O filme brutal e perturbador da Netflix que vai te conduzir ao inferno por 134 minutos

O filme brutal e perturbador da Netflix que vai te conduzir ao inferno por 134 minutos

Ação ambientada em 1945, “Corações de Ferro” é o anacronismo salvo pela gramática do cinema. Um tanque com cinco soldados e comandado por um sargento (Brad Pitt, monstro) reúne as virtudes guerreiras da América no apagar das luzes do grande conflito, como a compensar a participação tardia dos EUA que só entrou depois da surra em Pearl Harbour.

O grupo representa a formação do povo americano, com um hispânico, um evangélico, um jovem pacifista, um psicopata e o líder wasp que fala alemão e lidera com absoluta impiedade.

Para puxar a brasa do roteiro para a sardinha das versões históricas, combinou-se que eles tinham combatido em vários fronts, numa espécie de referência das guerras de Washington em mais de um continente.

A história é verossímil, mas sua credibilidade cede às soluções consagradas da Sétima Arte. O novato que chega para participar de uma ação decisiva e não tem experiência nenhuma é um expediente conhecido. Em “O Resgate do Soldado Ryan”, de Spielberg, e em vários outros filmes, esse é o contraponto conhecido de pôr a prova os valores dos veteranos. É uma representação de quem assiste o filme, como se o espectador fosse iniciado na obra cinematográfica. É zoado, apanha, é forçado a ceder sempre, mas no desfecho acaba sobrevivendo, como nós da plateia, que incorporamos o filme no nosso imaginário e saímos feridos mas nunca mortos.

Permanecer numa posição de resistência suicida diante de um inimigo é lugar comum nos filmes ditos de ação, especialmente faroestes e guerra. O líder fica dando o exemplo e assim conquista o respeito da equipe. Um líder que libera os comandados e diz que não vai fugir é a solução explosiva para o drama. Já que esse é o destino e não há esperança de sobreviver então vamos matar o máximo de inimigos, fazer um estrago antes de ser eliminado. É a missão cumprida com o sacrifício da vida.

Porque não há chance para o amor na guerra. O novato Logan Lehman se apaixona pela jovem alemã que acaba sendo soterrada num bombardeio. O único amor possível é o amor pela nação dividido entre os camaradas do front.

Os americanos encaram o cinema como uma arma de guerra. Fidelizar o país em função da sobrevivência e da hegemonia está em todos os filmes. Não há traição à Pátria e quando ela se manifesta é sempre a mais hedionda vilania.

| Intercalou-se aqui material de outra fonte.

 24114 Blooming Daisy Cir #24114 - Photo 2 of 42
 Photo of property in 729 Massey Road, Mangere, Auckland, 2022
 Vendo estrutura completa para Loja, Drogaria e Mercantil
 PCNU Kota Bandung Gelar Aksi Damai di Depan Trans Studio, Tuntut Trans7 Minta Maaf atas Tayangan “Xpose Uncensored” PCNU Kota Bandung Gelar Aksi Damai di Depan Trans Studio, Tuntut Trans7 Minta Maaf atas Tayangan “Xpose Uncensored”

Para isso é preciso radicalizar. No filme o inimigo são os temíveis SS. O roteiro assim define o alvo bem nítido e sem contestação. Todos os inimigos da América, do Iraque ao Vietnã, do Japão à Coreia, são nazistas. Contra eles a representação do herói moderno — Brad e sua turma — estão dentro do tanque Fury, prontos para matar quem estiver na frente.

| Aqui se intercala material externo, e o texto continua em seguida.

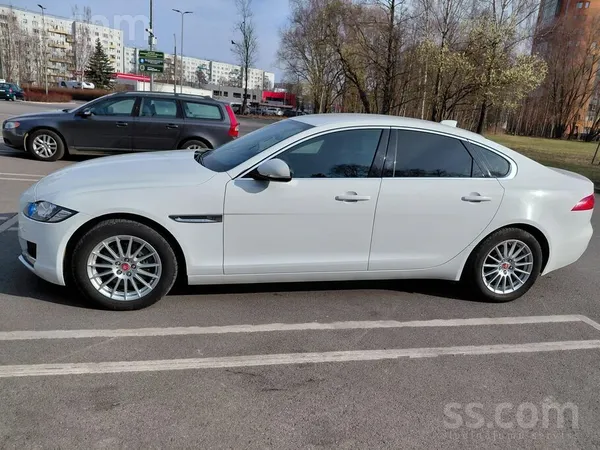 Jaguar XF E-Performance Aut Prestige , a/m iegādāta Rīgā, oriģinālais nobrau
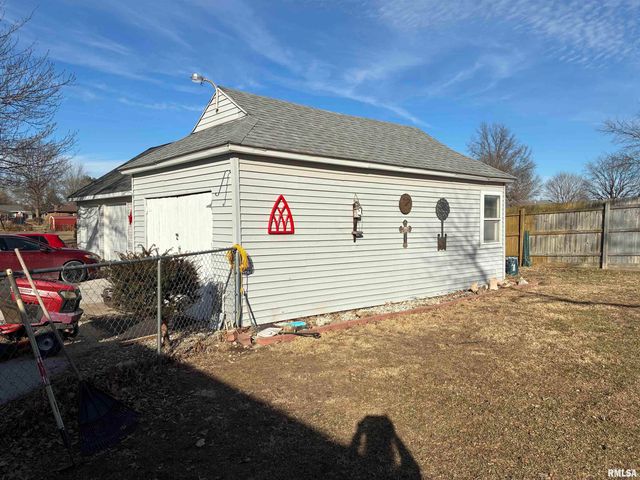 3128 N 18TH Street, Quincy, IL 62305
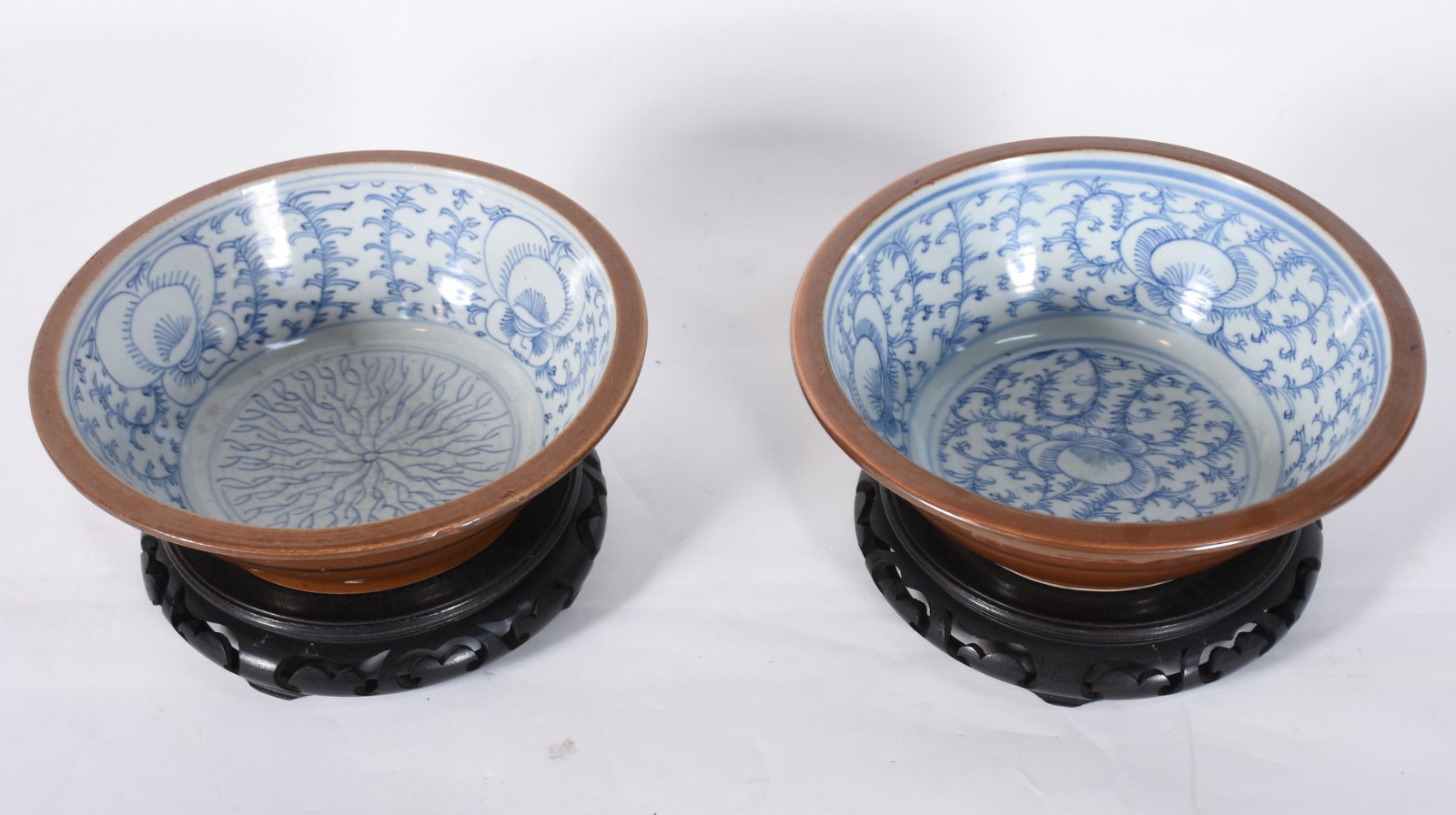 Par de bowls de porcelana chinesa parte interna em azul e branco e... - foto 1 de 6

Cinema da América é guerra. O público que cuide de sobreviver ao tiroteio. E ao resenhista não cabe tomar partido em qualquer lado da barbárie. Mas ver o cinema em sua essência. Algumas cenas se destacam como a refeição com duas alemãs. Brad é especialista em criar tensão em silêncio, só com sua concentração. Vimos o grande ator em Jesse James também numa refeição. Todos tremem diante de sua crueldade silenciosa, sua busca de respostas sem fazer perguntas.